The study, commissioned by the South Pacific’s leading cruise operator Carnival Australia, the Australian Government and World Bank Group member IFC, found that cruise tourism brought A$5.9 million into Papua New Guinea’s economy last year, including an estimated $200,000 in indirect economic benefits.
Meanwhile, the report found cruise tourism could grow five-fold in the Solomon Islands, from $600,000 to $3.3 million by 2017.
The study – Assessment of the Economic Impact of Cruising to Papua New Guinea and Solomon Islands – looked at the Solomon Islands main port, Honiara, and Papua New Guinea’s five main ports, identifying opportunities and investments to improve cruise tourism development and capitalise further on the growing sector. It follows a similar study in Vanuatu in 2014, where cruising was found to bring $34 million annually to the nation.
Carnival Australia Executive Chairman Ann Sherry – who travelled to Solomon Islands and Papua New Guinea this week to release the report with government representatives – said the study was a key outcome of its partnership with the Australian Government to support sustainable development in the South Pacific.
Through two of its cruise lines, P&O Cruises and Princess Cruises, Carnival Australia will make 26 visits to Papua New Guinea this year, bringing more than 44,000 passengers – an eight-fold increase in passenger numbers since 2013.
Ms Sherry said the potential of cruise tourism to the Solomon Islands would be visible later this year when P&O Cruises’ Pacific Eden makes her maiden visit to the nation, while homeported in Cairns. Pacific Eden’s visit will include the cruise line’s maiden call to Gizo Island on September 30, the day before the ship’s inaugural call to Honiara.

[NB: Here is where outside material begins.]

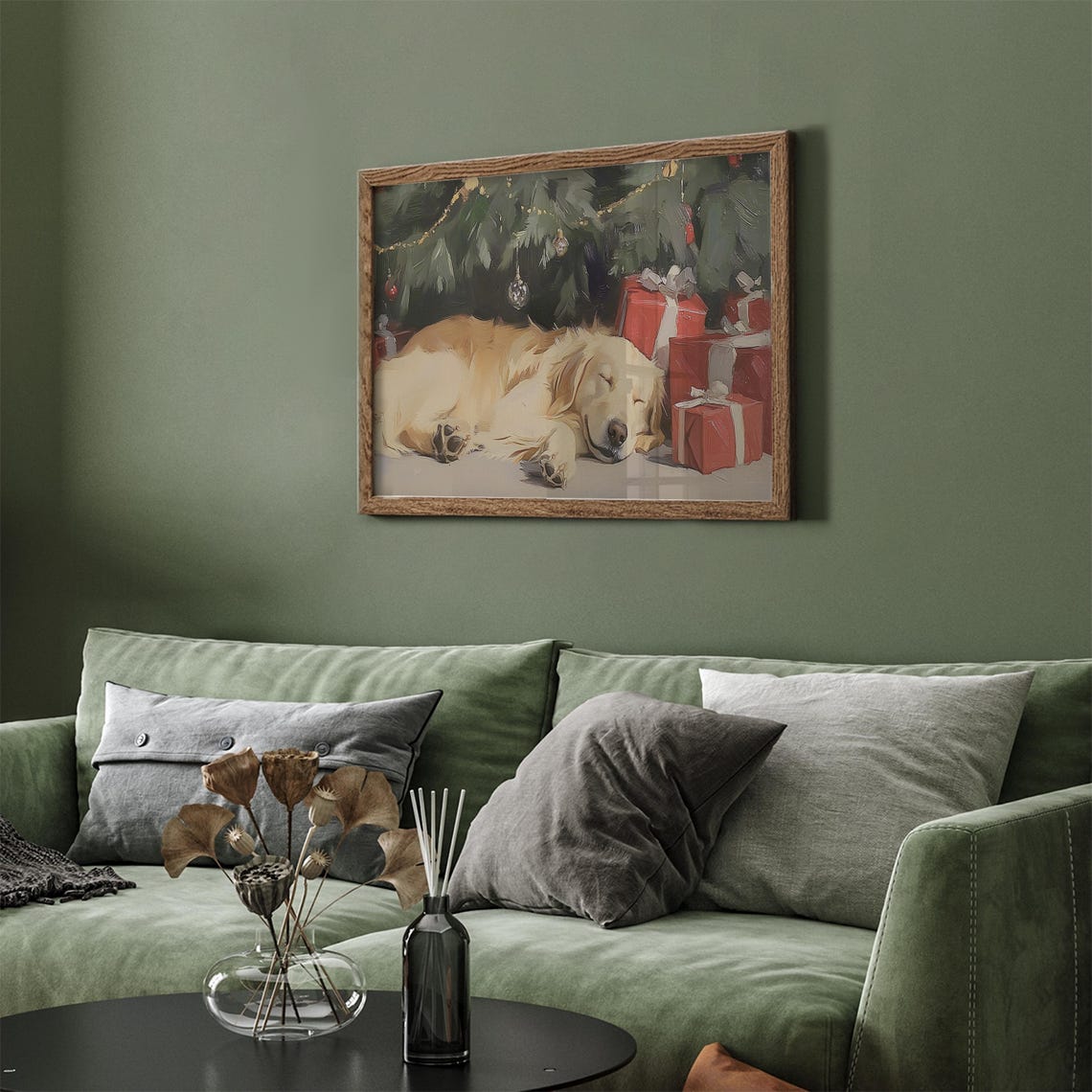 Golden Retriever Sleeping Under Christmas Tree Holiday Dog Poster - Image 6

In total, P&O and Princess will have six ship visits to the Solomon Islands this year - a three-fold increase from last year.
Ms Sherry said Carnival Australia had a long and harmonious relationship with the Pacific Islands, its people and its communities.

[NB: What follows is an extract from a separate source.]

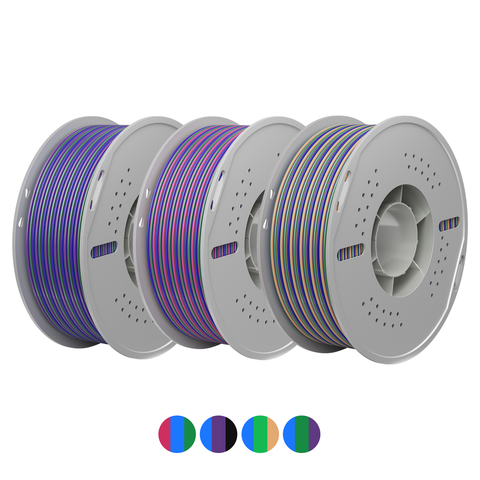 PLA Silk Tri Color 3D Printing Filament 1.75mm 1KG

“We have a commitment to practise sustainable tourism and ensure communities benefit from the growth of cruising,” Ms Sherry said.

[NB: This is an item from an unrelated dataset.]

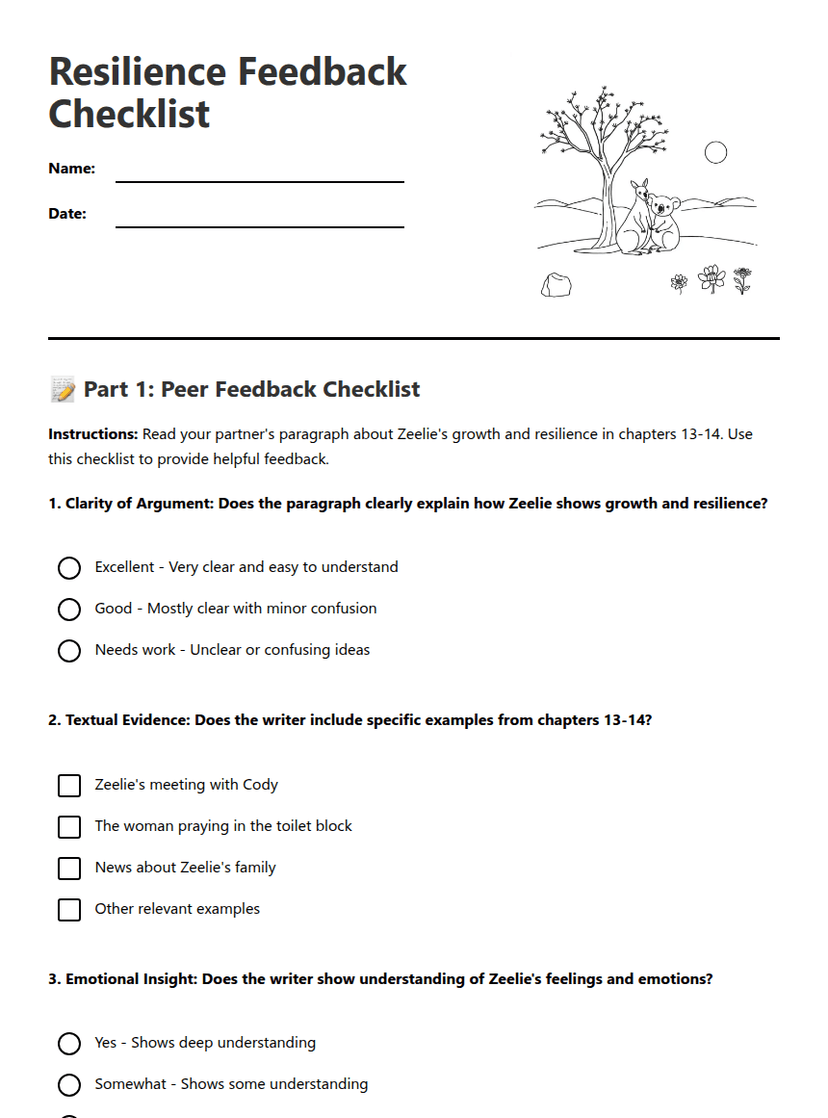 Resilience Feedback Checklist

“This report is significant because it confirms, for the first time for these nations, the long value chain of cruising, which reaches deep into the Pacific Islands to deliver economic opportunity.
“Importantly, it is also a forward looking document that paints a picture of opportunities for destinations to take advantage of the benefits of cruise tourism.
“We look forward to continuing to develop rewarding and positive relationships with governments and communities in this Pacific, with cruise tourism creating shared value for all.”
Tourism is vital to the sustainable growth of the Pacific islands, contributing an estimated 3 per cent of the Oceania region’s gross domestic product and 12 per cent of total employment in 2014, according to the World Travel and Tourism Council.